Tunisian Minister in Charge of Government Relations with Civil Society Kamel Jendoubi gestures during a press conference in Tunis yesterday.

AFP/Tunis

Tunisia has arrested eight people in connection with last week’s militant massacre at a seaside resort, as the remains of more slain Britons were flown home yesterday.
Last Friday’s attack saw 23-year-old student Seifeddine Rezgui gun down 38 foreign tourists, including 30 Britons, after pulling a Kalashnikov assault rifle from a beach umbrella at the resort of Port El Kantaoui, near Sousse.
It was the worst ever massacre in Tunisia and saw Britain’s worst loss of life in such an attack since the July 2005 London bombings.
“Eight people with direct links to the carrying out of the operation, including a woman, have been arrested,” said Kamel Jendoubi, the minister who heads a crisis group set up after the attack.
“The security services have been able to... uncover and destroy the network that was behind this operation,” Jendoubi told a news conference, without elaborating on their alleged role.
Jendoubi said British authorities were assisting with the investigation.
“As part of the security cooperation between Tunisia and Britain, 10 British investigators are working on the probe,” he said.
Tunisia fears the attack - which also claimed the lives of three people from Ireland, two from Germany and one each from Belgium, Portugal and Russia - will damage its tourism industry.
The sector accounts for about 7% of gross domestic product in a country already suffering from the upheaval that followed the 2011 overthrow of dictator Zine El Abidine Ben Ali.
After the attack - which was claimed by the militant Islamic State group - Tunisia’s government pledged to boost security around hotels, beaches and attractions.
Jendoubi said 1,377 extra armed security officers had been deployed to reinforce police already on the ground.
But they were late to deploy in some tourist areas around Tunis and in the resort of Hammamet south of the capital, triggering the ire of Interior Minister Najem Gharsalli.
“We had agreed to protect the beaches.
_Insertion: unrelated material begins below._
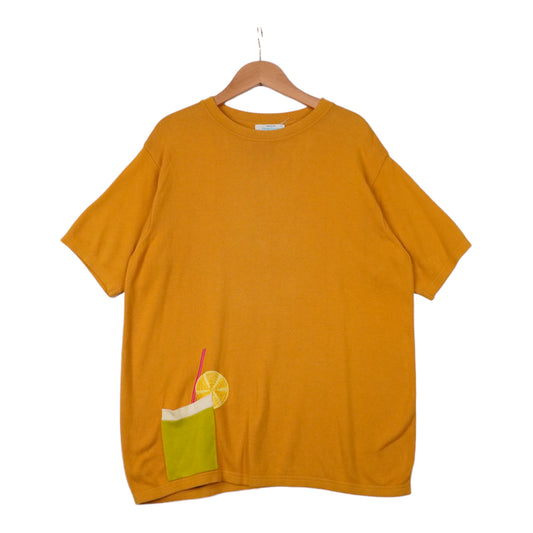 90s United colors of Benetton T-shirt Orange Green L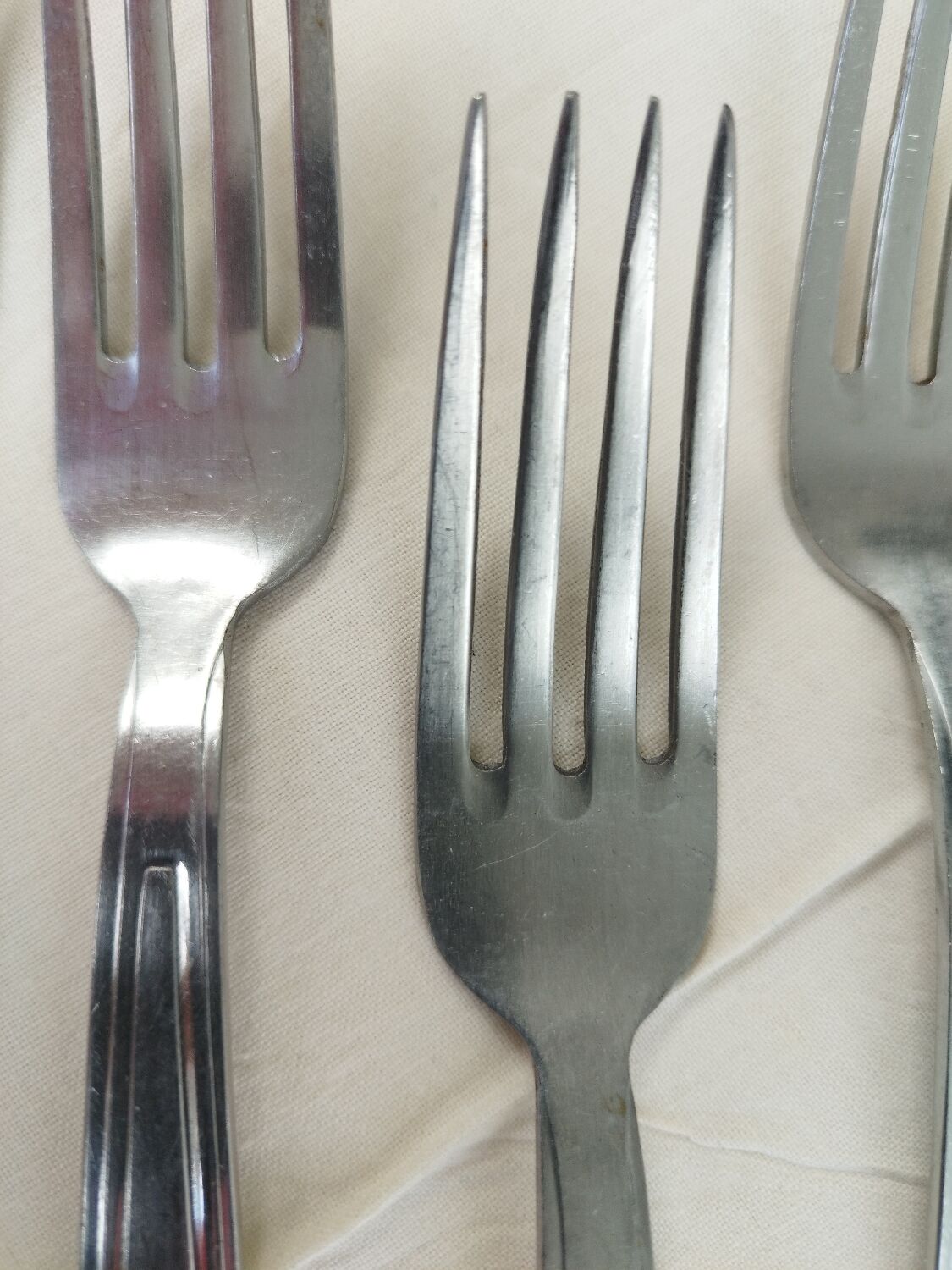 Lot de fourchettes inox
Where are the agents tasked with security of the beaches,” Gharsalli was heard telling a security official during an inspection of Hammamet.
“Where are they? Are they having a coffee,” he added, according to a video posted on the website of private Cap FM radio Wednesday night.
An AFP correspondent who toured the beach resort of Gammarth northeast of Tunis yesterday said there were still no security reinforcements around.
Britain’s Foreign Secretary Philip Hammond confirmed Tunisia’s formal identification of 30 of those slain as Britons.
The bodies of eight were flown on Wednesday to a Royal Air Force station north of London, in a solemn ceremony reminiscent of the repatriation of fallen soldiers.
The remains of nine others were flown out yesterday and Hammond has said there would be other flights on today and tomorrow.
“Tomorrow is also a week from the date of the attack, and we will be holding a minute’s remembrance at noon across the UK as well as in British embassies and posts around the world,” he said.
British Prime Minister David Cameron has promised to back a full investigation into the attack, calling for “a response at home and abroad” to violent Islamic fundamentalism.
Witnesses said the shooting rampage lasted more than 30 minutes before the gunman was shot dead, but officials say police were on the scene much sooner.
Sofiane Sliti, spokesman for the prosecutor, said investigators were on the scene one hour after the attack took place and examined all the bodies.
He said 18 were gunned down on the beach, while five bodies were found near the pool and the others elsewhere.
President Beji Caid Essebsi admitted security forces had not taken measures to protect beaches despite militant threats.
Friday’s attack was the second on tourists in Tunisia claimed by IS in three months, after the extremist group said it was behind a March attack on the National Bardo Museum in Tunis that killed 22 people.
Tunisian authorities have said Rezgui received weapons training from militants in neighbouring Libya, travelling to the chaos-wracked country at the same time as the two young Tunisians behind the Bardo attack.
In the past four years, dozens of police and soldiers have been killed in Tunisia in clashes and ambushes attributed to militants - mainly in the western Chaambi Mountains.
Disillusionment and social exclusion have fuelled radicalism among young Tunisians, with the country exporting some 3,000 militant fighters to Iraq, Syria and Libya.